Где-то когда-то, – писал дальше Мариенгоф, – мне довелось прочесть биографию шотландской принцессы XV века. Если память не изменяет, ее звали Маргаритой. Умирая, принцесса сказала: «Плевать на жизнь!» Никто не слышал последних слов Есенина. Да и вряд ли в унылом номере петербургской гостиницы «Англетер» в последнюю минуту он разговаривал сам с собой. Этой дурной театральной привычки я никогда не замечал за ним. Но с 1923 года, то есть после возвращения из свадебного заграничного путешествия весь смысл его существования был тот же, что у шотландской принцессы: плевать на жизнь!»
Покончил с собой в ночь с 27 на 28 декабря 1925 года в Ленинграде.

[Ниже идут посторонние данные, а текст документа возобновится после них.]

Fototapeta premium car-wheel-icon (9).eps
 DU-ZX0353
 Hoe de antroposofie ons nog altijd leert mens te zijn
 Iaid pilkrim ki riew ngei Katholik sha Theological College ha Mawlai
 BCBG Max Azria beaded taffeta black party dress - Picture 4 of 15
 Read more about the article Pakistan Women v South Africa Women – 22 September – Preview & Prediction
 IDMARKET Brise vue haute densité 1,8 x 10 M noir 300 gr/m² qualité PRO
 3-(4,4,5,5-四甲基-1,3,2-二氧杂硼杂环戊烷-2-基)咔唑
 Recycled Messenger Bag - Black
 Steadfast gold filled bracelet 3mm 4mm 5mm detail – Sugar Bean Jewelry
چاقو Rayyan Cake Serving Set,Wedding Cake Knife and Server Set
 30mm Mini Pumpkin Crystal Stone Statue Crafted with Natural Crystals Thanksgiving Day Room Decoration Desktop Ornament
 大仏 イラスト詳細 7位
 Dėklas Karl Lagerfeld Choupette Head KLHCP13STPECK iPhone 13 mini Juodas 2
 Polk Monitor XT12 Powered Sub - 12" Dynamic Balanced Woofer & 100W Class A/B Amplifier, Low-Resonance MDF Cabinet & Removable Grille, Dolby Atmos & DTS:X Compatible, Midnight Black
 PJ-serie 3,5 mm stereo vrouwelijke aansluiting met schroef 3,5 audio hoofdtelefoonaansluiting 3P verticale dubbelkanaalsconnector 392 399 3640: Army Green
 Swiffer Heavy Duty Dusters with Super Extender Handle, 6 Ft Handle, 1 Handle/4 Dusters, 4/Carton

Владислав Фелицианович Ходасевич
Родился 16 (28) мая 1886 года в Москве.
«В. Ф. очень рано научился читать, – писала в воспоминаниях Анна Ивановна Чулкова, его вторая жена, – и в детстве его любимым занятием было чтение. Однажды летом, по каким-то семейным обстоятельствам, он был отправлен к дяде на дачу под Петербургом. В этой же дачной местности жил поэт Майков. Узнав об этом, В. Ф., будучи 6–7 лет, отправился самостоятельно к даче Майкова и, увидев на скамейке седовласого старца, сказал: „Вы поэт Майков?“ – и, получив утвердительный ответ, сообщил: „А я Владя Ходасевич. Я очень люблю ваши стихи и даже могу прочесть наизусть „Мой сад с каждым днем увядает“. Майков выслушал со вниманием юного поклонника и даже поблагодарил. С тех пор Владя считал себя его знакомым и очень этим гордился“.